In this setup, vLLM runs on CPU only because:

Laptop has no GPU
Home server has an old NVIDIA GPU (not supported by vLLM’s CUDA requirements)

Thus, we use the official CPU-optimized vLLM image built from: https://github.com/vllm-project/vllm/blob/main/docker/Dockerfile.cpu

—

Docker Compose Configuration (CPU Mode)

version: '3.8'
services:
  qwen-reranker:
    image: vllm-cpu:latest
    ports: ["8123:8000"]
    volumes:
      - /home/naj/qwen3-reranker-0.6b:/models/qwen3-reranker-0.6b:ro
    environment:
      VLLM_HF_OVERRIDES: |
        {
          "architectures": ["Qwen3ForSequenceClassification"],
          "classifier_from_token": ["no", "yes"],
          "is_original_qwen3_reranker": true
        }
    command: >
      /models/qwen3-reranker-0.6b
      --task score
      --dtype float32
      --port 8000
      --trust-remote-code
      --max-model-len 8192
    deploy:
      resources:
        limits:
          cpus: '10'
          memory: 16G
    shm_size: 4g
    restart: unless-stopped

—

Key Components Explained

``image: vllm-cpu:latest``
- Official vLLM CPU image (no CUDA dependencies).
- Built from: vllm-project/vllm/docker/Dockerfile.cpu
- Uses PyTorch CPU backend with optimized inference kernels.
``ports: [“8123:8000”]``
- Host port 8123 → container port 8000 (vLLM default).
``volumes``
- Mounts locally pre-downloaded model in read-only mode.
``VLLM_HF_OVERRIDES``
- Required for Qwen3-Reranker due to custom classification head and token handling.
``command``
- --task score: Enables reranker scoring (outputs relevance logits).
- --dtype float32: Mandatory on CPU (no half-precision support).
- --max-model-len 8192: Supports long query+passage pairs.
Resource Limits
- cpus: '10' and memory: 16G prevent system overload.
- shm_size: 4g ensures sufficient shared memory for batched inference.

—

Why the Model Must Be Pre-Downloaded Locally

The container cannot download the model at runtime due to:

Corporate Proxy / Firewall
- Outbound traffic to huggingface.co is blocked or requires authentication.
Hugging Face Hub Blocked
- Git LFS and model downloads fail in restricted networks.
vLLM Auto-Download Fails Offline
- vLLM uses transformers.AutoModel → attempts online download if model not found.

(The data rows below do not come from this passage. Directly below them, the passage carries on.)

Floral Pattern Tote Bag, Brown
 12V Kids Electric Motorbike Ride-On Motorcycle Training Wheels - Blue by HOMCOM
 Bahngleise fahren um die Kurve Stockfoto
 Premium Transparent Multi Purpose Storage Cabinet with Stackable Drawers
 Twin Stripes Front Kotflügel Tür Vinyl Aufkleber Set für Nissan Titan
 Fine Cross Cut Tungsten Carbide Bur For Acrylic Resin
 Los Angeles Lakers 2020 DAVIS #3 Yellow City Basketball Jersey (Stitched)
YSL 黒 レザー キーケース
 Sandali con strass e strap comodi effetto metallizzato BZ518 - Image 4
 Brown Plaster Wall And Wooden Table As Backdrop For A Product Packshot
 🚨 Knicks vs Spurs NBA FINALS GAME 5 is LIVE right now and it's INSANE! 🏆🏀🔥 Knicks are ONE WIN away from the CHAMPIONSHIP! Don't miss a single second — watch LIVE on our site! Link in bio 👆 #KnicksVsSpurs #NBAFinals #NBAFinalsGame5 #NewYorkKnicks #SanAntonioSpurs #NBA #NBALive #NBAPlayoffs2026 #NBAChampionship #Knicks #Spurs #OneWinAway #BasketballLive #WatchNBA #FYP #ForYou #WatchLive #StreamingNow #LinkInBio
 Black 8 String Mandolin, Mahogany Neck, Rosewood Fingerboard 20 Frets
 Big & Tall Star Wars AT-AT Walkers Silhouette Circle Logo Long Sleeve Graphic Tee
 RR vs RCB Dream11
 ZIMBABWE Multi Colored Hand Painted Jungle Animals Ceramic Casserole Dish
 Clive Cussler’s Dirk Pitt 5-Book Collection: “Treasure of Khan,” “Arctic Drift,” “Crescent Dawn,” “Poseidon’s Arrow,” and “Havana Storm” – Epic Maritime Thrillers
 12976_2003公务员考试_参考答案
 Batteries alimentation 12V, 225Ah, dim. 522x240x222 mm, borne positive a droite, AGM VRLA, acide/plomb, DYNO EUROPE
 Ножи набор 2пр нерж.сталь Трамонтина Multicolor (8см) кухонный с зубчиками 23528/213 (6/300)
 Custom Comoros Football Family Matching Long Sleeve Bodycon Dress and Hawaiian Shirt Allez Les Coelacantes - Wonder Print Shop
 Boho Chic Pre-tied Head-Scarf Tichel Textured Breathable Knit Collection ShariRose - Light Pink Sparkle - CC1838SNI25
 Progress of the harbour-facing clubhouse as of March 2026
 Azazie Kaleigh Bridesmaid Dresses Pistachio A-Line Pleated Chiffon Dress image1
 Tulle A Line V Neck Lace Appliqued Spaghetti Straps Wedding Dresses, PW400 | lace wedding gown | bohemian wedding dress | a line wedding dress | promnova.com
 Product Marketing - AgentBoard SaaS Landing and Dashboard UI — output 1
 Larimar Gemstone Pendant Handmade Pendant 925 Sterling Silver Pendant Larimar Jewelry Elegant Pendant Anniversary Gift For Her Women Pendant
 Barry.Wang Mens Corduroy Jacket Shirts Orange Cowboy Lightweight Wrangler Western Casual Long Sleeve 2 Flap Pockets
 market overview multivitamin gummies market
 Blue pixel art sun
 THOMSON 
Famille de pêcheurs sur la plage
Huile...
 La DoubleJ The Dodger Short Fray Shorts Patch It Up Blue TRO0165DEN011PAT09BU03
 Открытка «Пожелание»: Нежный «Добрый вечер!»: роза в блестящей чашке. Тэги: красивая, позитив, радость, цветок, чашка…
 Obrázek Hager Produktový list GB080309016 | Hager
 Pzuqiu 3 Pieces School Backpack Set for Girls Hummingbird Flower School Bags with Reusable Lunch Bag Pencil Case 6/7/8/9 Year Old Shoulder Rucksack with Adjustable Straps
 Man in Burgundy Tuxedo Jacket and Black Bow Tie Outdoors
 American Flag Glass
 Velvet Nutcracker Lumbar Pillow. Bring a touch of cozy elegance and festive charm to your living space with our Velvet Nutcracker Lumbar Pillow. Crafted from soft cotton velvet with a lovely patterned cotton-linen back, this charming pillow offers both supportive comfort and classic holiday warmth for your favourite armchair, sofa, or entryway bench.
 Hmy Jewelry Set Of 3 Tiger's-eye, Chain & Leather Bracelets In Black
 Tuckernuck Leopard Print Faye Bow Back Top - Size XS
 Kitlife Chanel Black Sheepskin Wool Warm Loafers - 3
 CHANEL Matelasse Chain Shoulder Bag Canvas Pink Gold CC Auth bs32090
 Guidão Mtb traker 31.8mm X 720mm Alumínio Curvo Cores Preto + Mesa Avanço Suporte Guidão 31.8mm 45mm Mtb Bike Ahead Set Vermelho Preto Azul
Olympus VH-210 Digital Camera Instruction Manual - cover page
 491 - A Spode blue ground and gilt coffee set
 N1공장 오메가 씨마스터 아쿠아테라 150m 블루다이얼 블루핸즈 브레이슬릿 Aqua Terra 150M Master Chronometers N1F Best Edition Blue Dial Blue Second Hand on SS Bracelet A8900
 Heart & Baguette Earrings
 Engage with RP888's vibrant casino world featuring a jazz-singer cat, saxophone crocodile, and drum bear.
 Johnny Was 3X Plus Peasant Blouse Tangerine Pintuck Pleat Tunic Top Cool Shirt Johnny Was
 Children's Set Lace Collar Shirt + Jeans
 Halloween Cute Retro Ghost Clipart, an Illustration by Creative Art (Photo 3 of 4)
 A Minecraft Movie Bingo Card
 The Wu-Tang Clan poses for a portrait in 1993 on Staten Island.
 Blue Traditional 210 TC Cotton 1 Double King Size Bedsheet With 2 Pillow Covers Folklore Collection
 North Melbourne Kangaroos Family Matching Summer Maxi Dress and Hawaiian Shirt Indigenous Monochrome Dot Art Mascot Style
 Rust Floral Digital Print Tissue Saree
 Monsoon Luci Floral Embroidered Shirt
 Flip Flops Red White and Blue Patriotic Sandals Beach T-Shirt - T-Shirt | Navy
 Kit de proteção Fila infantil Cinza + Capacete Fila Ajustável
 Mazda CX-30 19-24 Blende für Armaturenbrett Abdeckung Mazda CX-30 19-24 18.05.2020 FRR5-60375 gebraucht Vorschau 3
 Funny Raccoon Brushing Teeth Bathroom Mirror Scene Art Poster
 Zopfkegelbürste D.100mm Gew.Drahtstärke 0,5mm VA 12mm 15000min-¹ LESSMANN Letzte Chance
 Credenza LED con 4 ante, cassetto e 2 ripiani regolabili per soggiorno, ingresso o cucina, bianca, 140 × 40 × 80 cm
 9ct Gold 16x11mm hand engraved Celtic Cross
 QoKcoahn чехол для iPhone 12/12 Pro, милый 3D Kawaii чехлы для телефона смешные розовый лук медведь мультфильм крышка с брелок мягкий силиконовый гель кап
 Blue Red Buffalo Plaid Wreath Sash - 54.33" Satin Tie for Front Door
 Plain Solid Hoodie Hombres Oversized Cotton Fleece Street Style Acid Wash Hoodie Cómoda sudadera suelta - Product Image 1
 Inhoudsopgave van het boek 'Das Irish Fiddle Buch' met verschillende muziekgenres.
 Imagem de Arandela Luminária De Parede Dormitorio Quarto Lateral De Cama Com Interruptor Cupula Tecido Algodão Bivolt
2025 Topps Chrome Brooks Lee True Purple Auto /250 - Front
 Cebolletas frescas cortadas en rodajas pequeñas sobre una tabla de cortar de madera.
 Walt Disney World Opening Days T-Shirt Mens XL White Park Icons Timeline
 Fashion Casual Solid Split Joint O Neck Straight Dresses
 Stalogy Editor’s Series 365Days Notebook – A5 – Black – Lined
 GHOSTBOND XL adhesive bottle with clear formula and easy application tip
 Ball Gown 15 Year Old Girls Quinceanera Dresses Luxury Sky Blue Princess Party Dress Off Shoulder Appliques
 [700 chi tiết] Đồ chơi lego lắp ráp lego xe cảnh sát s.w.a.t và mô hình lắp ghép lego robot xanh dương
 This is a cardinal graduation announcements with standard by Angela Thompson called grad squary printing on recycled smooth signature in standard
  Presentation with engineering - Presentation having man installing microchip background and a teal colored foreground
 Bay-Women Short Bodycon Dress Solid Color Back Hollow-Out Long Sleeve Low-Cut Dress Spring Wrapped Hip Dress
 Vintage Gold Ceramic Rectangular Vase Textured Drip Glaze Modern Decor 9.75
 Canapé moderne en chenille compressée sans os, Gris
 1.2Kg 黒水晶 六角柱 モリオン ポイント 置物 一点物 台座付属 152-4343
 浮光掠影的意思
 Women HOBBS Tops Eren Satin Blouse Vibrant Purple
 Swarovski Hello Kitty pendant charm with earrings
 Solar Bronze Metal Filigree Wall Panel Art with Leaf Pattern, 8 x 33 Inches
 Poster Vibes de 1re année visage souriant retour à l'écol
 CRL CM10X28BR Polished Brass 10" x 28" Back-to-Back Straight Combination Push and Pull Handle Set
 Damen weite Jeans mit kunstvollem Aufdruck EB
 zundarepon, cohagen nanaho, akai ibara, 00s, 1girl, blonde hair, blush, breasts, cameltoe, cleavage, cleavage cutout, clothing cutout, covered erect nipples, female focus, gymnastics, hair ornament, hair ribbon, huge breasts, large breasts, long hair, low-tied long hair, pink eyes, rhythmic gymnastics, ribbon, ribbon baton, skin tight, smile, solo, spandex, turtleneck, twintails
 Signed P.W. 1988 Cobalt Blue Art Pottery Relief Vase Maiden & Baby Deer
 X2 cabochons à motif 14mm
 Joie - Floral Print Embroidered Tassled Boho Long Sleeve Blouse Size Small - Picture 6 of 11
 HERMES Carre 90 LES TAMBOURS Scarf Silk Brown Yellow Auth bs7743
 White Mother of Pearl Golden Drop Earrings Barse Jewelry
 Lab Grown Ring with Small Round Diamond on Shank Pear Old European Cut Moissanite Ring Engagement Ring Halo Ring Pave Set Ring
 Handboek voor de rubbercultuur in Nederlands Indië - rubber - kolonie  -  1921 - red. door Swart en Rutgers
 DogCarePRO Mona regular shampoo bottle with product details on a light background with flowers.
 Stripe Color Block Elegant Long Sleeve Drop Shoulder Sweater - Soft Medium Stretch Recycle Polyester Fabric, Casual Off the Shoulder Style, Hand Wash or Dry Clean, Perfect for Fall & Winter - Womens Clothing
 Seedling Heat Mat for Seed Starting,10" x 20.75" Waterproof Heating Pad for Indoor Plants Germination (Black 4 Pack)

Solution: Download via mirror

HF_ENDPOINT=https://hf-mirror.com huggingface-cli download Qwen/Qwen3-Reranker-0.6B --local-dir ./qwen3-reranker-0.6b

Remark : for some models you need a token HF_TOKEN=xxxxxxxx (you have to specify the model in the token definition!)
Remark2 : use “sudo” if non-root!!!
Uses accessible mirror (hf-mirror.com).
Saves model locally for volume mounting.

—

Why CPU-Only (No GPU)?

Laptop: Integrated graphics only (no discrete GPU).
Home Server: NVIDIA GPU too old (e.g., pre-Ampere) → not supported by vLLM’s CUDA 11.8+ / FlashAttention requirements.
vLLM CPU image enables full functionality without GPU.

Performance Note: CPU inference is slower (~1–3 sec per batch), but sufficient for development, prototyping, or low-throughput use cases.

—

Start the Service

docker-compose up -d

Verify Availability

curl http://localhost:8123/v1/models

Expected output confirms the model is loaded and ready.

—

Integration with RAGFlow

Update RAGFlow config:

reranker:
  provider: vllm
  api_base: http://localhost:8123/v1
  model: /models/qwen3-reranker-0.6b

—

Benefits of This CPU + Docker Setup

Works on any machine (laptop, old server, air-gapped systems)
No GPU required
Offline-first with pre-downloaded model
Consistent environment via Docker
Secure: read-only model, isolated container
Scalable later: switch to GPU image when hardware upgrades

Ideal for local RAGFlow development and constrained production environments.